Now that I've got the monkey off my back in here in Oshkosh this semester (Spanish, damn verbs....) I've been making a good run here and I hope to finish the semester with a 3.0 GPA.
Next semester though looks to be much tougher... Mainly becasue I have math to put up with.
I'll have to stop in at the disabilites office sometime and ask them about math tutors since math is my weakest subject.
Civet, if you find yourself worrying about getting a job once you graduate, maybe you could get one of your professors who teaches in the subject that your majoring in to give you a letter of recomendation. Those kinds of things always help out.
I've been making it a point to be as social as I can be with all my comm professors for just that reason.
_________________
I live my life to prove wrong those who said I couldn't make it in life...

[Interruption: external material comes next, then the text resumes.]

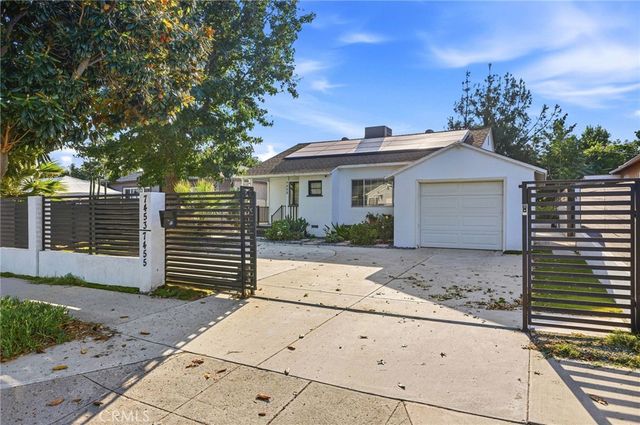 7453 Blewett Avenue, Lake Balboa, CA 91406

I am majoring in illustration, so things work a bit differently. You're right though, it does help to have "connections" with other artists, who may be able to spread your name around. It's considered bad form to ask for someone to do that for you, however, because if they don't like your art, it puts them in an awkward situation.
What is "comm"?
I have a hard time approaching people (read: I don't do it). If I do stay in contact with my teachers, it's through email only. I'm not sure how willing they are to become friends via this medium, when I don't really speak to them in classes.
The one thing I do have going for me is that people who have professional attitudes and are responsible and dependable tend to do better in the field. I've always been this way, so atleast I don't have to worry about that.
CockneyRebel
Veteran
Joined: 17 Jul 2004
Age: 50
Gender: Male
Posts: 117,042
Location: In my little Olympic World of peace and love
I'm from a strange, but wonderful planet where the clock seems to be stuck in the year, 1967. It's called Austin Powers World. Not everybody from that planet looks like Austin, but I do. It's a more hip version of the Planet Earth and without the Veitnam War. There are Swingers having parties and dancing in the Streets. There are Hippies playing and relaxing in the Parks. Everybody on my home planet wears bright, viberant colours. The most convincing Swingers look like Austin Powers, Male or Female, but they are few and far between.
I was put on Earth, because Earthlings need a reminder of a more peaceful, gentler time.
Count yourselves lucky; when I was in boarding school I was put in a very small dormatory that only had room for three beds though I was the only person in it, I was the most trustworthy person in the school that could be put in a room on my own. I was also on Roacutane, the acne drug with severe side-effects.
Needless to say in the following months a gradually became crazy and if the staff had known what was going on in that secluded dorm, I would be in a loony-bin now; I believed I was the reincarnated spirit of a deceased alien deity.
Well, there was no other explaination for why the world was so weird to me!